Perhaps this is a clearer picture of her (with blurry blurry hands!)

There were also a many other people there. I love this picture! The hat looks lovely on her!

Then there is Chris. It was fun hanging out with Chris, and after reviewing pictures (and movies, watch it!) I've realized just how narcissist he is:


So pretty we decided to make art out of him:


But apparently, when you combine the awesome power of Chris and Eden, you get narcissism supreme!
I love this picture, not only because I am hot, but also because I unintentionally used the tried and tested technique of "covering the other person's face with your hand under the guise of touching their face longinly so that your face is the only one in the image" that I learnt from the TV oh so long ago.

Also, we danced!Like, actual waltzing. I relearned how to do corners when waltzing (I'd forgotten). Awesome.

Okay, enough fun, back to homework. *whip whip*

~Eden

Mar 30, 2007

Alternative Texts

Below is an explanation/essay I wrote for a course last summer (2006) called Alternative Texts for Young Adults (part of the english education requirement). It was an amazing course. What's more is that I was able to bring my subject area of music into the mix, and thus composed and recorded a work called Mechanics of Understanding as my final project. Listen to it at www.myspace.com/ipushyoupull

For my alternative text I decided to write and record a piece of music (titled “Mechanics of Understanding”) that discusses the inability of language to reflect certain forms of meaning. The basic idea, which I first stumbled upon in Don McKay’s “Vis à Vis: Fieldnotes on Poetry and Wilderness,” is that along with literature goes a literary way of understanding the world; the idea that a name is only a reflection of the true meaning in a thing.

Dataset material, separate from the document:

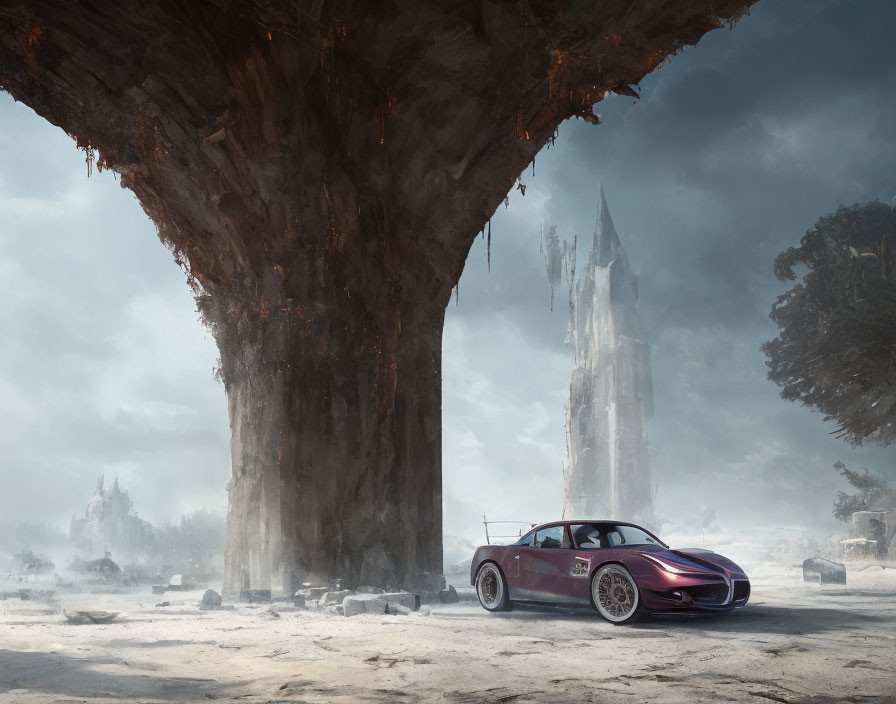 Red sports car parked in desert with rock formations and old structures under hazy sky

I decided that my piece would be in two movements. The first movement starts with a reference to 12 tone composition, a technique in which material is generated from tone rows. A town row consists of 12 notes (every note within an octave). When the tone row is employed in a piece it ensures that each note is be stated once before any are repeated. The idea behind 12 tone composition is that it places no importance on one note or another, creating an entirely non-tonal piece (a piece of music in which there is no grounding; where you can’t expect which note will come next). In a way, 12 tone composition is an attempt to remove any associative meaning from notes and their relationships to one another by refusing to favour their traditional use. However, in my piece I have the series/tone row morph into a tonal melody (one in which it is relatively easy to predict which note will be next because they follow an understandable pattern and have a traditional relationship to one another), which suggests that our ears are always listening for tonality. The purpose of the first movement is to question whether there is any inherent meaning in sound (whether it is learnt as we grow or is inherent regardless of what we learn). Paralleled with the piano part I have indistinguishable (I hope!) sounds, and at the end the original, un-modified recording is played, thus giving context to sound that previously had none.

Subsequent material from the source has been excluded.